Gotcha: Scheduler operates asynchronously, so it's important that any Workflow construction is completed and committed before you call Scheduler.schedule. Essentially, make sure that you call Scheduler.schedule outside of the DB.autocommit block used to create the workflow. See, for example, info.vizierdb.api.AppendModule

Currently, the heavy asynchronous lifting is done by Java's ForkJoinPool and ForkJoinTask (which is subclassed by Scheduler.WorkflowExecution). These iteratively identify the next Cell for execution, and then call Scheduler.processSynchronously, which loads all relevant context, allocates a Result object, and invokes the appropriate Command handler.

---

The last thing in this package is the MutableProject class. This is mainly meant for testing purposes, but kind of acts like a "client" wrapper for Catalog. It's not really complete, but is meant to abstract away some of the immutability of the append-only catalog model.

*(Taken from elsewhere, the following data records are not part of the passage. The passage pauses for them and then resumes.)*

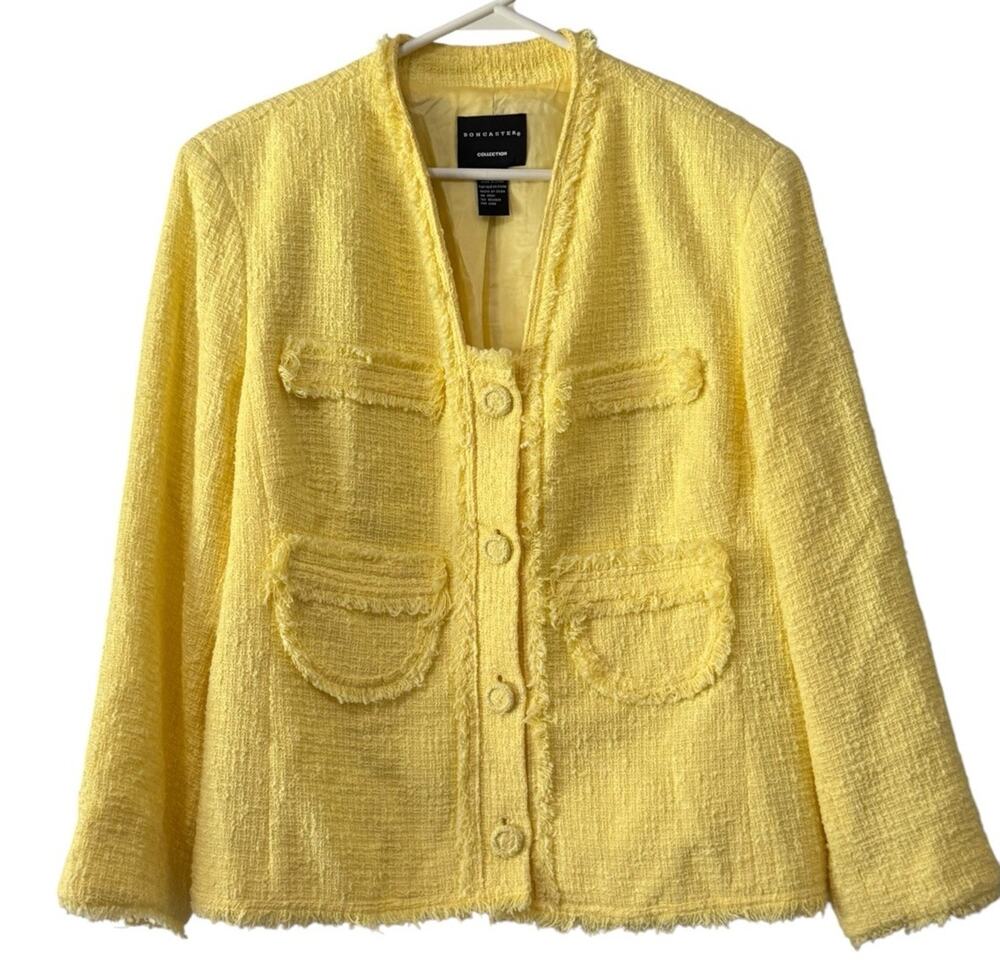Doncaster Collection Pill Blazer Women 18 Yellow Button Down Fringe Cotton City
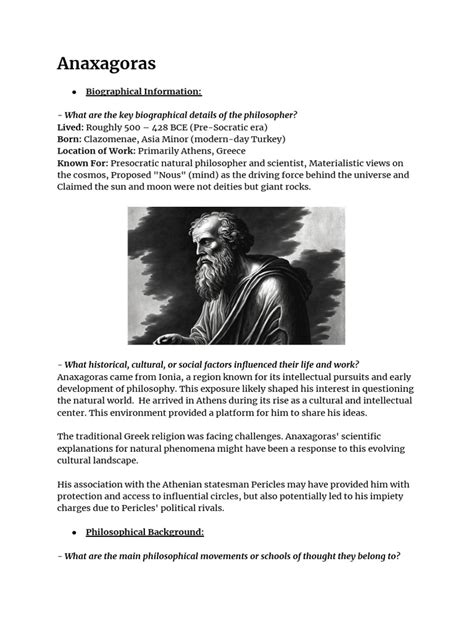 Anaxagoras Philosophy | PDF | Nous | Universe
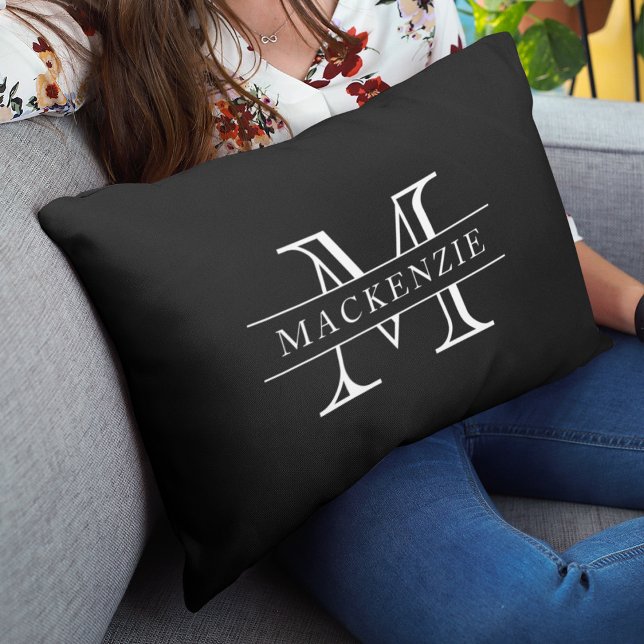 Editable Colours Classic Border Name Monogram Lumbar Cushion (Creator Uploaded)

src/main/scala/info/vizierdb/api

This package includes all of the handlers referenced in VizierAPI. These adopt the API handler model used by mimir-api. Handlers are expected to implement a handle method that produces a Result. Several flavors of Result exist, each producing different forms of output (e.g, errors, Json data, etc...)

VizierServelet, which is stored with VizierAPI is where most of the action happens. It's a little crufty, but the basic flow is that the handle method is a big ol' routing table stored as a giant match statement. Pre-defined regular expressions (e.g., PROJECT, BRANCH, etc...) govern how the query is routed. At each endpoint, we use the respond nested method to map HTTP verbs to the corresponding response. The respond method exists mainly to allow us to automatically synthesize a response to the OPTIONS verb, which needs to know which HTTP verbs are supported at this endpoint. Responses are generated by either the process or processJson methods. The former simply calls the handle method of the passed Request (along with a standard array of try/catch blocks, etc...), while the latter first tries to decode the input as Json corresponding to an object of the method's type parameter. processJson can optionally add fields to the object (e.g., parsed out of the path).

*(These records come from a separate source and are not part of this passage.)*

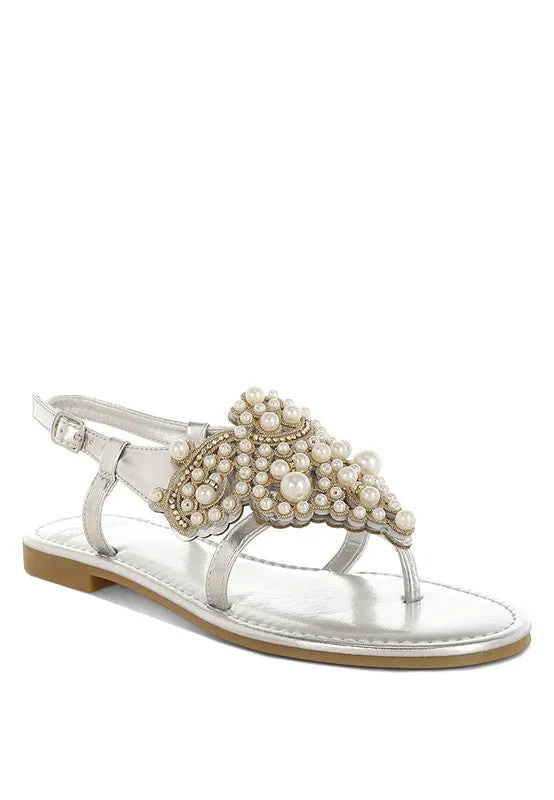 Opazie Metallic Pearl Embellished Flats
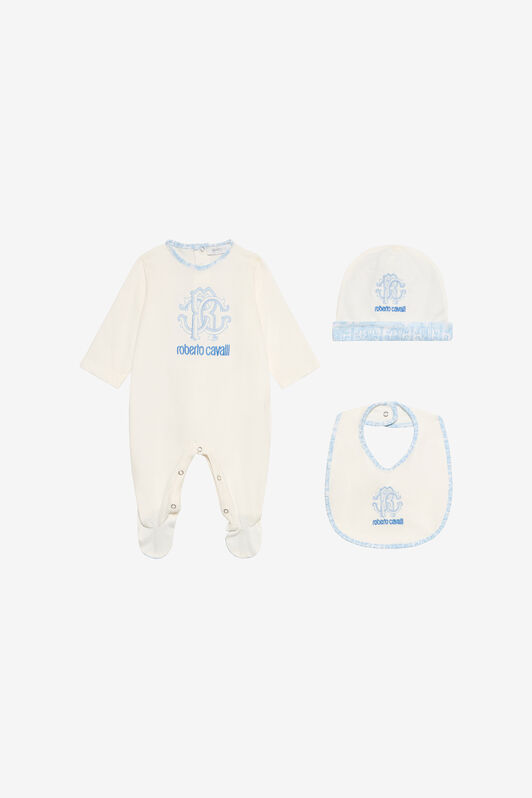 JU Baby Blue Hat, Bib, and Romper Set with Logo BABY BLUE VJT812-JD001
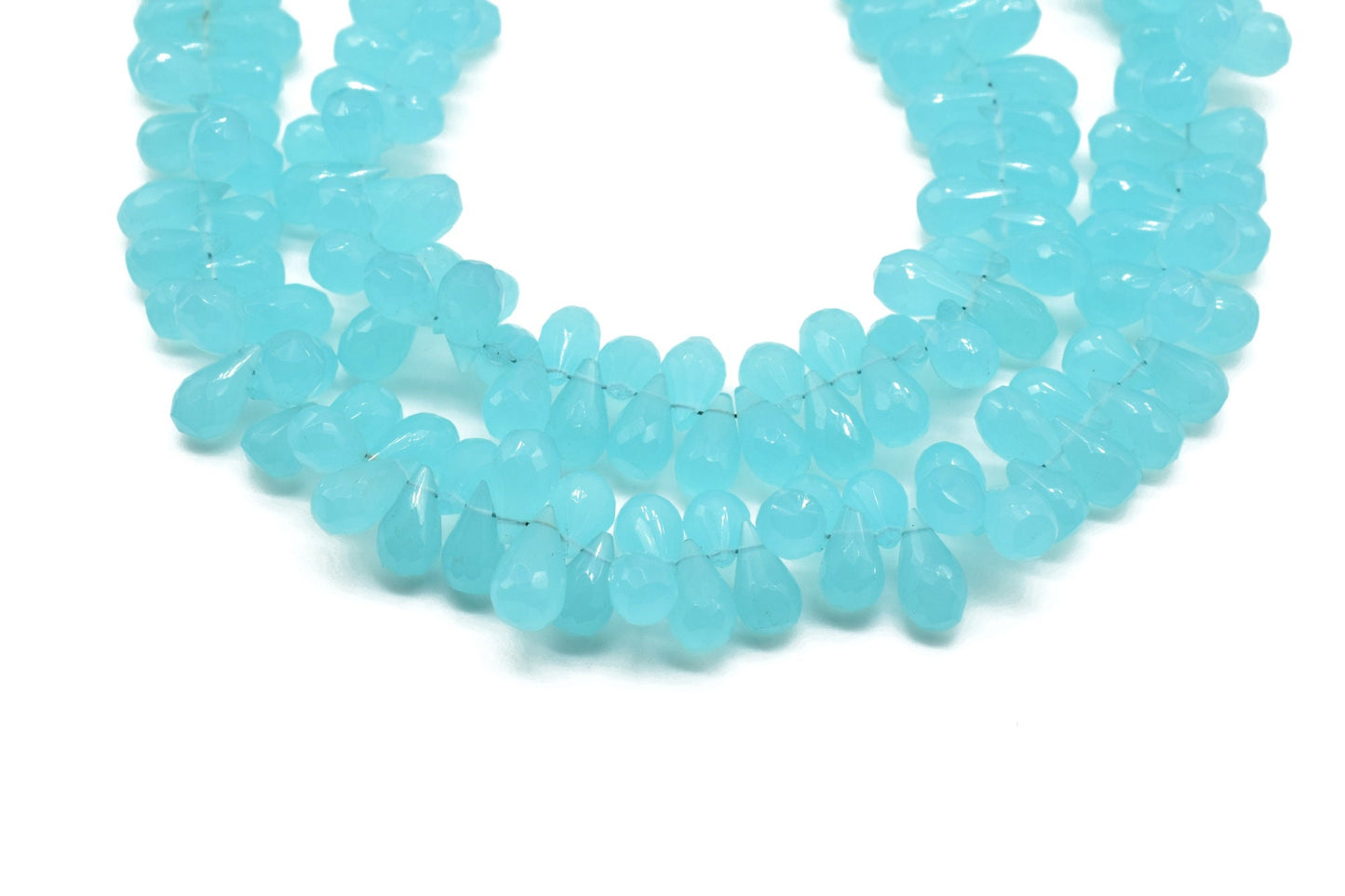 Peru Chalcedony faceted drops,AAA Quality teardrop bead,bridal Jewelry Making Supplie,Peru Chalcedony Teardrop,6x10 mm drops,9'' drop srtand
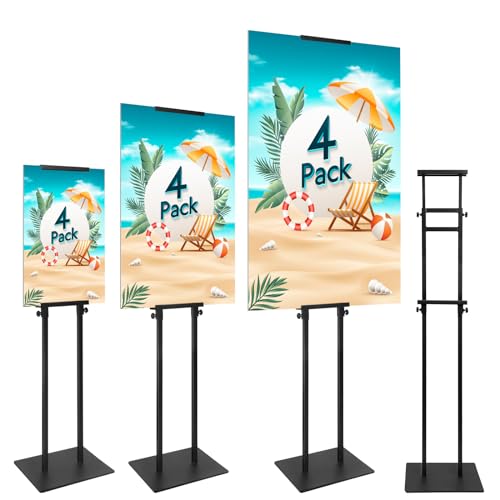JR-MOV Poster Stand Heavy Duty - 4 Pack Double Sided Poster Board Stand with Base Adjustable Poster Stands for Display Banner Foam Free Standing Pedestal Sign Holder Floor Stand Outdoor Black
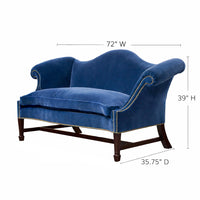 Blue camelback sofa dimensions and details display.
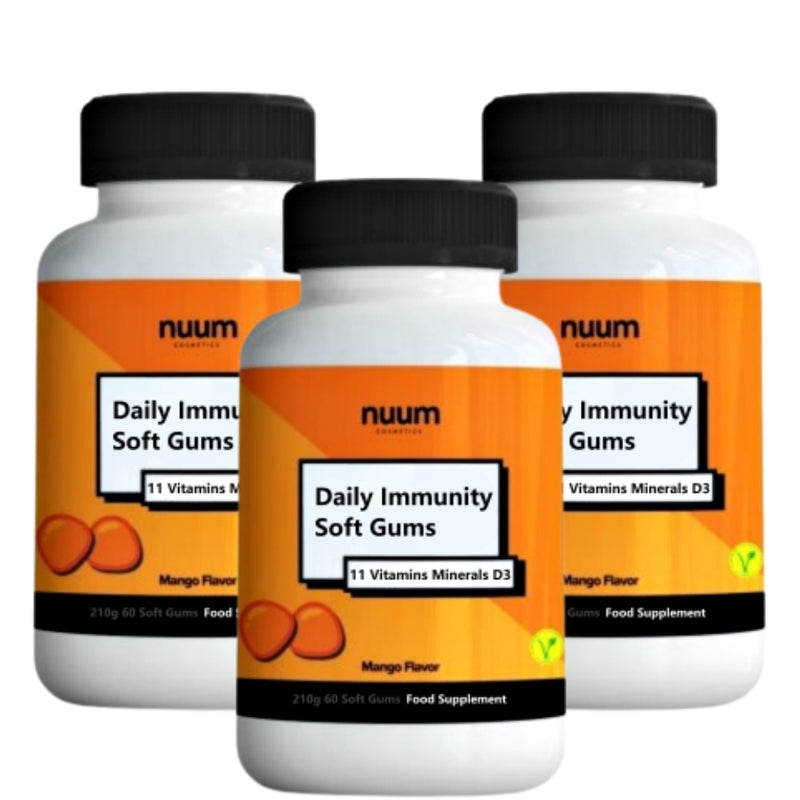 Natūralūs Multivitaminai Guminukai suaugusiems ir vaikams, stiprina imunitetą ir mažina stresą, su ežiuole, bičių pikiu ir Vitaminu C - Nuum Cosmetics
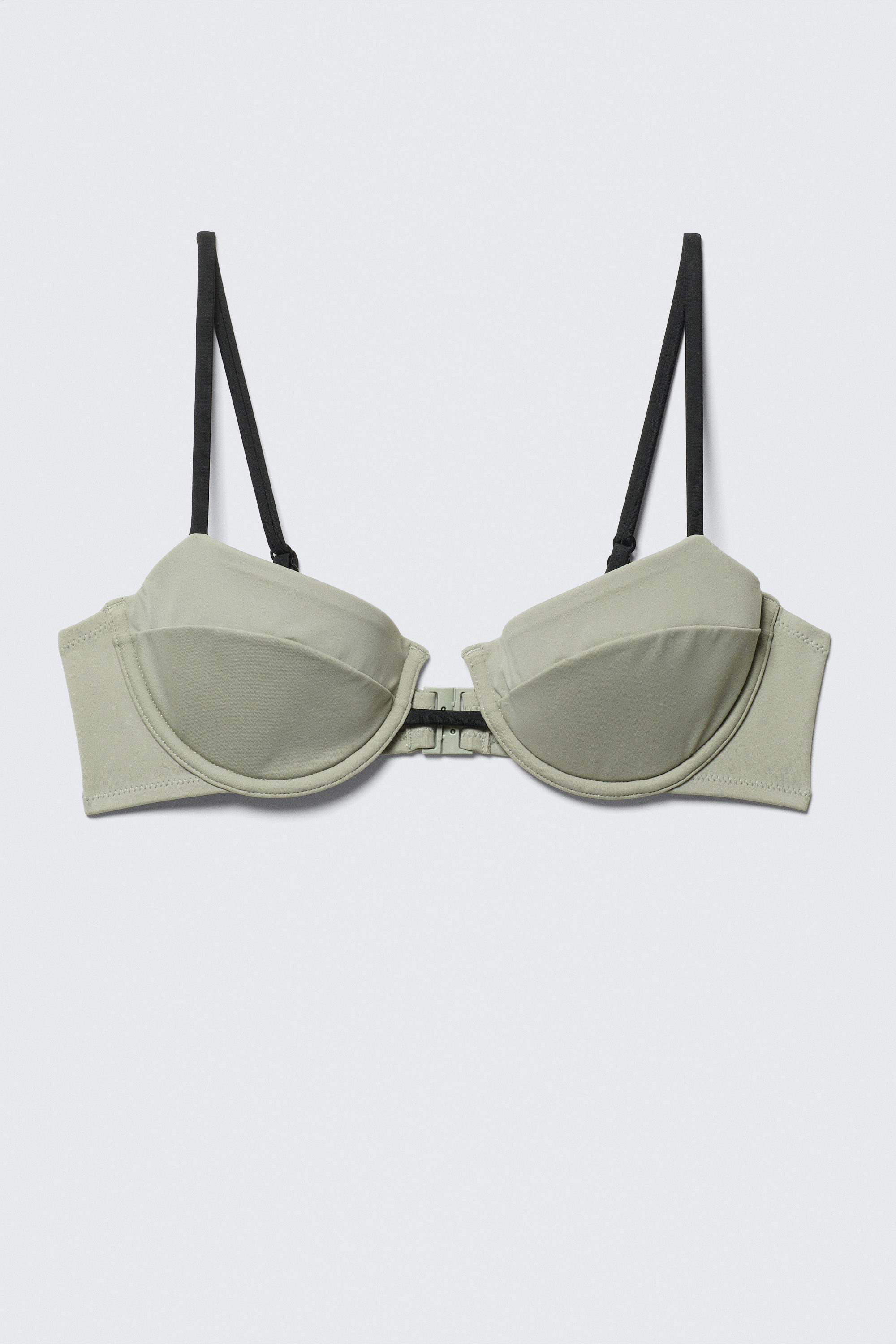 Light Khaki Green - Underwired Padded Bikini Top - 3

It's crufty, but it works for now, is compact, and standard enough to be easily readable. One thing that I would like to fix at some point is to make the response constructors lazy. That leads me to:

Gotcha: At present, Requests handed by process are constructed before we decide which HTTP verb handles the request. This can lead to some odd exceptions, for example if one of the calls to .toLong fail.